I was solving some combination problems and noticed that some of them can have two or more different ways to solve.
Look at these examples :

In how many ways can we wear a shoes and b shirts together:
1-One of the ways is just multiplying a and b, which means the answer is ab.
2-Another way is calculating number of ways that we can pick two objects from all objects, which is $\binom{a+b}{2}$. But it is possible that we've picked two shirts or two shoes, As a result we should subtract the number of ways that we can pick up two shirts and the number of ways that we can pick two shoes from $\binom{a+b}{2}$. Which means the answer is: $\binom{a+b}{2}$ - $\binom{a}{2}$ - $\binom{b}{2}$

Another question is this : set S equals to {1,2,3,4,.....,n}. How many subsets of S have m members and their smallest member is smaller than m? Again we have two ways to solve this question:
1-First we calculate number of m-member subsets of S which is $\binom{n}{m}$. Then we should subtract number of sets that their smallest member is not smaller than m. which means we should choose subset members from m to n, that is $\binom{n-m+1}{m}$. Thus, the answer is $\binom{n}{m}$ - $\binom{n-m+1}{m}$.
2-We know that if subset's smallest member is 1, We have $\binom{n-1}{m-1}$ ways to choose subset.(Because we've already chosen one of members and we can choose the rest from 2 to n, which is n-1). But the smallest member can also be 2. It means we have $\binom{n-2}{m-1}$ options if smallest value is 2. smallest value can also be 3, 4, ....., m-1. That means the answer of this question is :
$\binom{n-1}{m-1}$ + $\binom{n-2}{m-1}$ + $\binom{n-3}{m-1}$ + .... + $\binom{n-m+1}{m-1}$

It is obvious that ab always is equal to $\binom{a+b}{2}$ - $\binom{a}{2}$ - $\binom{b}{2}$ if a,b∈N, and $\binom{n-1}{m-1}$ + $\binom{n-2}{m-1}$ + $\binom{n-3}{m-1}$ + .... + $\binom{n-m+1}{m-1}$ would always equal $\binom{n}{m}$ - $\binom{n-m+1}{m}$ if m,n∈N and n>m.(Because they produce answers for same question.)
Now I'm interested in proving these equalities algebraically. when I replace combinations with formula $\frac{n!}{r!(n-r)!}$, It seems really hard to prove the equality.
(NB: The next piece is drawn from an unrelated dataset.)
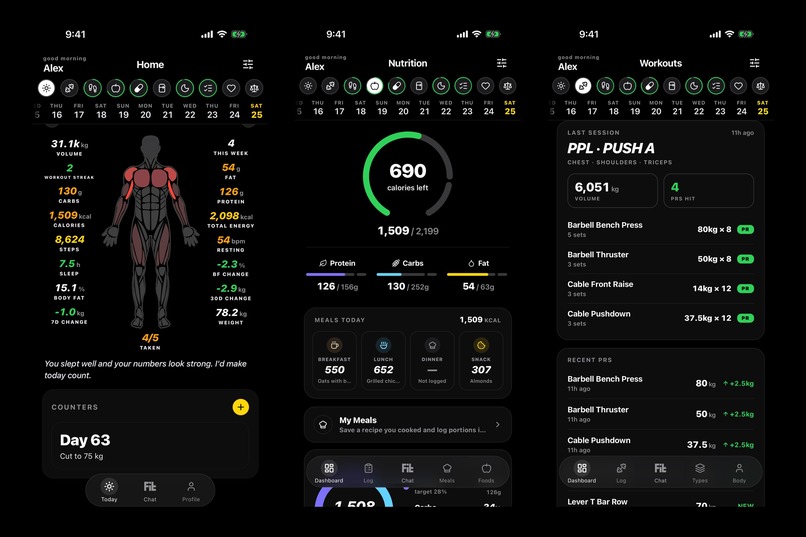 Fitgence – screenshot 8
Please help me do it.
Is it possible that some equality of factorial expression exists that has no algebra proof? and the only way to prove that is combinatorial proof?

Answer 1

$$ {n\choose m}-{n-m+1\choose m}=\left[{n\choose m}-{n-1\choose m}\right]+\left[{n-1\choose m}-{n-2\choose m}\right]+\dotsb $$

$$ +\left[{n-m+2\choose m}-{n-m+1\choose m}\right]={n-1\choose m-1}+{n-2\choose m-1}+\dotsb+{n-m+1\choose m-1} $$